Dès-lors il ne reste que deux explications raisonnables à donner de ces mots, l’intégrité de l’empire ottoman ; l’une positive, l’autre négative.

D’un côté (c’est le sens négatif), nulle puissance européenne, qu’elle s’appelle Autriche, Angleterre, France ou Russie, ne doit aspirer à un agrandissement territorial aux dépens de la Turquie. L’empire turc doit rester l’empire des Ottomans. Qu’on y songe ; le jour où l’on croirait sérieusement que cela est impossible, ce jour-là il ne s’agirait plus seulement de remanier le territoire de la Turquie, mais celui de l’Europe. Il ne manque pas en Occident de choses à remettre à leur place naturelle. La France, qu’on a souvent accusée d’ambition et qui donne cependant à l’Europe, depuis vingt-cinq ans, des preuves irrécusables d’une modération bien rare dans l’histoire des grandes nations, la France ne prendra pas l’initiative de ce grand mouvement ; mais elle ne permettra pas que d’autres l’impriment au monde sans qu’il produise toutes ses conséquences, sans que l’équilibre de la balance européenne, troublé par les changemens du bassin oriental, soit rétabli par des changemens proportionnels dans le bassin occidental.

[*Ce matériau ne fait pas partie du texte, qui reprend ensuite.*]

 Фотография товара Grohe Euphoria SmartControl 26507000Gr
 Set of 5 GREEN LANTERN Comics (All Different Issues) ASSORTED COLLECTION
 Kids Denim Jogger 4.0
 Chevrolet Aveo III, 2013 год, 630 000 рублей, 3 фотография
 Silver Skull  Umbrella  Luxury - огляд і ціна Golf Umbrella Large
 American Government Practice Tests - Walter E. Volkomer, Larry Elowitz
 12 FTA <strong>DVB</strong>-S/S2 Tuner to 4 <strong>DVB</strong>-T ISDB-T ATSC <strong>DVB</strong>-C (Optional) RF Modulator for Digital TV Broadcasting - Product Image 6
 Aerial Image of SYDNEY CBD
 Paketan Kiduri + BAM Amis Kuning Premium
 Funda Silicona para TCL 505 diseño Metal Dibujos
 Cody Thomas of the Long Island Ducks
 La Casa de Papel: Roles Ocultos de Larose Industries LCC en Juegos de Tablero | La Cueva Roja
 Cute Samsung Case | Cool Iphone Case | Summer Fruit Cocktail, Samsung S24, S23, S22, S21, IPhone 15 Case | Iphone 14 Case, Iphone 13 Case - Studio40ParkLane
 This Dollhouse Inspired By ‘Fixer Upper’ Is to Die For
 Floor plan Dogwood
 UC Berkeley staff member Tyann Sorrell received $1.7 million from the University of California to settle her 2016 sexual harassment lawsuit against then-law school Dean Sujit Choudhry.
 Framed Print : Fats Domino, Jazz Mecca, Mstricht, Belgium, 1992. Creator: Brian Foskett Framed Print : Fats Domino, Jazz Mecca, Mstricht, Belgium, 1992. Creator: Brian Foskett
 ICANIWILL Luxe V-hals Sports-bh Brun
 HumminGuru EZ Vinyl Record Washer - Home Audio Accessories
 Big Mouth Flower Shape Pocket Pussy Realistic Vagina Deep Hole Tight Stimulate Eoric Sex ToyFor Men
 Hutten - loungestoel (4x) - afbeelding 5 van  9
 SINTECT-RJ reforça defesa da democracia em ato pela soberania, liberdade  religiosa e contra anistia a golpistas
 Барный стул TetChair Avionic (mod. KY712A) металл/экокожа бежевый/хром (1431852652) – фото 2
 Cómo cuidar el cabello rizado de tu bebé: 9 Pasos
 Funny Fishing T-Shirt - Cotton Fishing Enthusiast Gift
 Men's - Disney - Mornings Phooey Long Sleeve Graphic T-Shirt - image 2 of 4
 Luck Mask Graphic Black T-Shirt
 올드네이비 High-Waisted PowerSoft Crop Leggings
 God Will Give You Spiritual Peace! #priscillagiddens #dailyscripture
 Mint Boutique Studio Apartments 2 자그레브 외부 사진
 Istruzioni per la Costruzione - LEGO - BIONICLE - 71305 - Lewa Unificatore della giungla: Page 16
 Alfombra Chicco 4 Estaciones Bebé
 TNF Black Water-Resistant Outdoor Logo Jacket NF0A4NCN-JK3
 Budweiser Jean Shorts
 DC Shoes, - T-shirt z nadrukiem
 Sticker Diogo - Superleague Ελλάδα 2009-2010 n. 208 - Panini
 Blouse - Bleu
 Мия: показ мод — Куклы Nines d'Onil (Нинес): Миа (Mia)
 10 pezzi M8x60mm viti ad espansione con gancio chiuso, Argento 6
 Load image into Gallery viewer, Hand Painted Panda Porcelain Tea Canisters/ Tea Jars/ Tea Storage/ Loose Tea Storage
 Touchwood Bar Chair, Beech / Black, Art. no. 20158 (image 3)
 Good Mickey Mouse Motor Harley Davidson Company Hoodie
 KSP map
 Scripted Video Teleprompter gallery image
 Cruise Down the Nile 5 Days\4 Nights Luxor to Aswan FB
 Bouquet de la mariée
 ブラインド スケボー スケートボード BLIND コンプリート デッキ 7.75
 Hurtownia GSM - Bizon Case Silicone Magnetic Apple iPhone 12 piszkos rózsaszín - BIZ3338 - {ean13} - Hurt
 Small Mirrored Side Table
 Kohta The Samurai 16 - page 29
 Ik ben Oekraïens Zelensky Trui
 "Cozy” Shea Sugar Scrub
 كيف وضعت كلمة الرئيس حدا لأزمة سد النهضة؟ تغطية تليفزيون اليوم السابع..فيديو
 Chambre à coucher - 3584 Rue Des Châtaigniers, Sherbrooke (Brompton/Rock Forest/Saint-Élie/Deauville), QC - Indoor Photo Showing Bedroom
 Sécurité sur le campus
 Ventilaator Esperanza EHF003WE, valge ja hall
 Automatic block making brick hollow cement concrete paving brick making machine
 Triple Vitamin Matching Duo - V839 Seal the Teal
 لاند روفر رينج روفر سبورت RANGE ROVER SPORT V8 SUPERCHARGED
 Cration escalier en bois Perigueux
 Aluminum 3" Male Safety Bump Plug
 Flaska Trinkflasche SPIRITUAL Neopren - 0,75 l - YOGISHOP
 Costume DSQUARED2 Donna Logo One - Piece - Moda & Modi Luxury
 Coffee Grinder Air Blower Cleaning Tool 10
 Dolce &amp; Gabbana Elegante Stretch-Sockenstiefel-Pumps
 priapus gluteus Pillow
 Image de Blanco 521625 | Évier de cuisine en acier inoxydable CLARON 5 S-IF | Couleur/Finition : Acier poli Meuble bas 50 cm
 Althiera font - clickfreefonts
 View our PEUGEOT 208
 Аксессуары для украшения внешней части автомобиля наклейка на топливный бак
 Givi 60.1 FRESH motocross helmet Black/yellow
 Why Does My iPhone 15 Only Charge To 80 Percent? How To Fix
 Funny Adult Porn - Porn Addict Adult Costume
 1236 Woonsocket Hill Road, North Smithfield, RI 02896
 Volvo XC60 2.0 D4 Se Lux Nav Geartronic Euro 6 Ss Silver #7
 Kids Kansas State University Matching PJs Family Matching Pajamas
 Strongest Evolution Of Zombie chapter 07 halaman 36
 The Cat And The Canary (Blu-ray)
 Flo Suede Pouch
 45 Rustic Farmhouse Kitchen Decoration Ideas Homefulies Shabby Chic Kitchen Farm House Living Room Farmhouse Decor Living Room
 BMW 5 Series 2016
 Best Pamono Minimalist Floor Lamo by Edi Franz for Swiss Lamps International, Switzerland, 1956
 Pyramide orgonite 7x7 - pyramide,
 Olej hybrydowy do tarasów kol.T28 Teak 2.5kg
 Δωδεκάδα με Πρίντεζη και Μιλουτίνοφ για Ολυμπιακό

Le sens positif est celui-ci : les provinces séparées de l’administration générale de la Porte ne doivent pas être démembrées de l’empire. Le sultan doit en conserver la suzeraineté. Méhémet-Ali et ses héritiers seront les vassaux de la Porte. L’Égypte et la Syrie seront deux grands fiefs qui ne sortiront pas du cercle de l’empire ottoman. Méhémet-Ali n’a jamais voulu autre chose. Dans les momens les plus critiques, il n’a jamais brisé ses liens avec la Sublime-Porte, il n’a jamais manqué à ce qu’il lui devait d’honneurs et de respects. Aucun pacha ne s’est montré observateur plus scrupuleux des usages et cérémonies de l’empire. À la mort du sultan, à l’avénement du nouvel empereur, à l’occasion d’un mariage, à la publication d’un hatti-scheriff, que sais-je ? toujours Méhémet-Ali a su concilier ses légitimes prétentions avec cette position élevée, mais dépendante, qu’il n’entend pas changer. Ce n’est pas la souveraineté absolue, c’est l’administration, c’est le gouvernement héréditaire de ces provinces qu’il réclame. Il veut ce qui est, ce qui ne pourrait pas cesser d’être, sans plonger ces provinces dans le désordre, sans exposer l’empire à des secousses qu’il est hors d’état de supporter.

La France n’a jamais demandé autre chose que de régulariser ce qui existe, de sanctionner le fait accompli.

L’empire turc conservera son intégrité, et retrouvera, par l’amitié et la bonne administration d’un vassal puissant, une partie des forces qu’il a perdues.